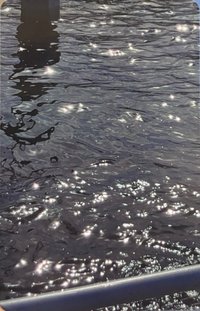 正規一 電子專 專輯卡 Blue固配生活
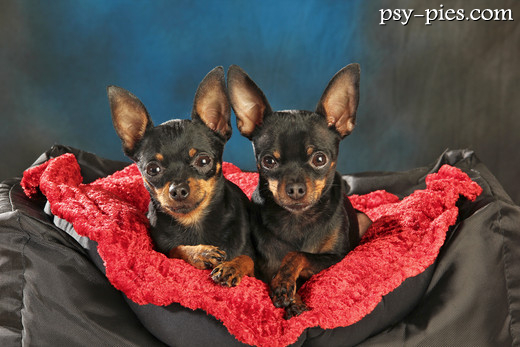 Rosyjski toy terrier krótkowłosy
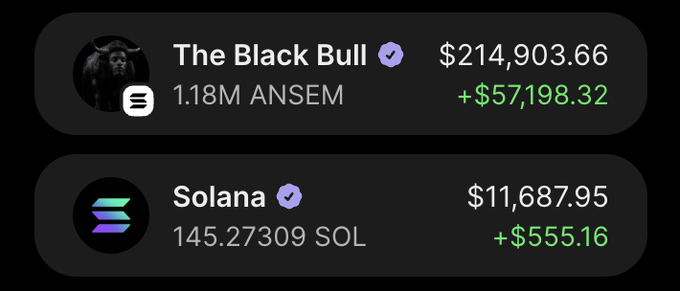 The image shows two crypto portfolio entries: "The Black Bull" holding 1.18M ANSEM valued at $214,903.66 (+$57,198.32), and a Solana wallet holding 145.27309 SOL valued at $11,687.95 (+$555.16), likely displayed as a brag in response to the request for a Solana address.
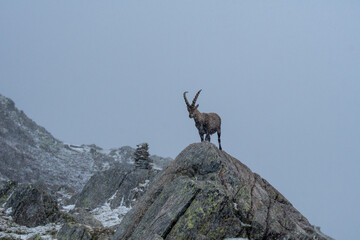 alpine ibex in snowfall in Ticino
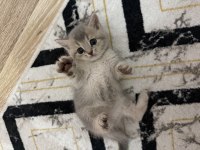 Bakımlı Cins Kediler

▶ WORK REQUEST
Please reproduce the entries above line by line, exactly, leaving out each image.

▶ RESULT BELOW
 正規一 電子專 專輯卡 Blue固配生活
 Rosyjski toy terrier krótkowłosy
 The image shows two crypto portfolio entries: "The Black Bull" holding 1.18M ANSEM valued at $214,903.66 (+$57,198.32), and a Solana wallet holding 145.27309 SOL valued at $11,687.95 (+$555.16), likely displayed as a brag in response to the request for a Solana address.
 alpine ibex in snowfall in Ticino
 Bakımlı Cins Kediler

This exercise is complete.